Au bout de 72 heures, les manifestantes promettent de remettre, si aucune solution n’est trouvée. « Je leur ai dit que 72h ne suffiraient pas pour ces démarches. Elles nous ont donné un délai qui court jusqu’au 10 avril. Si une solution n’est pas trouvée, elles promettent de sortir et cette fois, pour bloquer la Transversale numéro 1…»

Pollution rime avec manque d’eau

En plus de la fumée qui pollue leur environnement, ces nounous dénoncent un manque criard d’eau potable dans la zone depuis des années. « Nous n’avons pas d’eau potable. C’est quelques riverains qui ont eu l’amabilité de creuser des fourrages qui nous aliment en eau, ce qui nous soulage un peu. Avant, on partait jusque derrière les rails pour puiser de l’eau. Non seulement c’est distant, mais c’est aussi très fatigant », regrette-t-il. En tant qu’élu local, Dr Cissé alerte : « Souvent, nous demandons à l’État de nous aider à avoir des fourrages publics, des fontaines, pour satisfaire les citoyens de Dar-Es-Salaam, jusque-là rien du tout. Dar-Es-Salam est abandonné à son sort, nous n’avons rien comme infrastructures. Certes c’est un quartier enclavé, voire très enclavé à cause de la décharge, mais que l’Etat pense un peu à nous aussi ».

Dr Mohamed Lamine Cissé

Imam étouffé, évacué d’urgence

Un imam de la mosquée de Dar-Es-Salam aurait fait une crise avant la manif des nounous.  Il est hospitalisé. Dr Cissé clarifie : « Notre premier imam a fait une crise cardiaque il y a trois jours. Une ambulance est venue le transporter d’urgence à l’hôpital. C’est la fumée de la décharge qui l’a étouffé, parce que sa concession fait face à la décharge. Certes, il souffre d’une pathologie cardiaque connue, mais la fumée qu’il respire chaque jour ici a aggravé son cas. D’ailleurs, c’est ce qui a poussé les femmes dans la rue. De tels cas sont fréquents ici : les enfants, les mamans ou les maris, sont souvent malades », regrette le chef du quartier.

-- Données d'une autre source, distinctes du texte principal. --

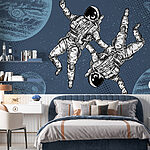 Fotobehang Twee astronauten zweven in de ruimte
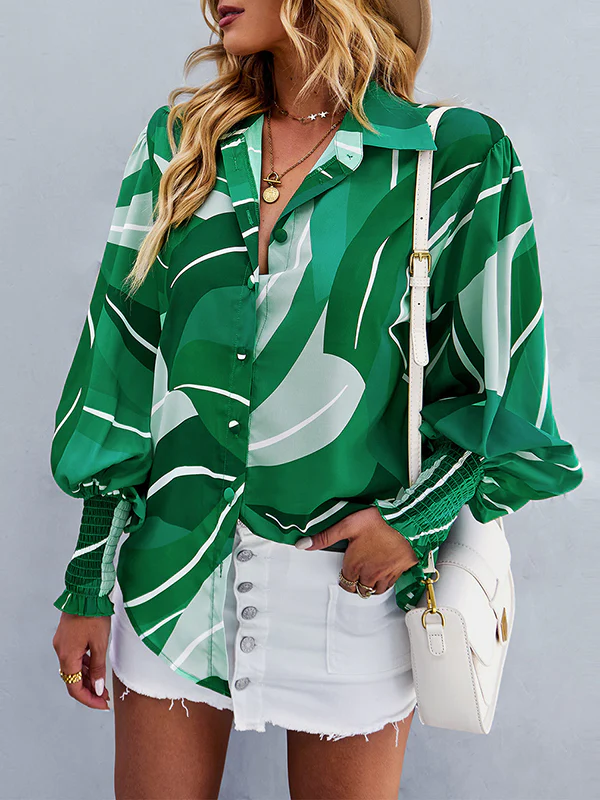 Long Sleeves Loose Buttoned Elasticity Printed Lapel Blouses&Shirts Tops - Image 2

Selon lui, le général Doumbouya doit prendre ce cas au sérieux. « Je lance un appel à l’endroit du président de la République, pour aider Dar-Es-Salam à se débarrasser de cette décharge. Je ne suis pas sûr qu’il soit édifié de cette situation. Normalement, quand ce genre de situation se pose, le ministre de la Santé, le ministre de l’Environnement, même le gouvernement, le Premier ministre, devraient se déplacer, pour venir s’enquérir des réalités. La fumée se propage jusqu’à l’aéroport. Donc, seul lui peut nous débarrasser de ce danger permanant », a conclu le prési du conseil du quartier. Sûr que le message parviendra au Gêné-râle Mamadi Doum-bouillant.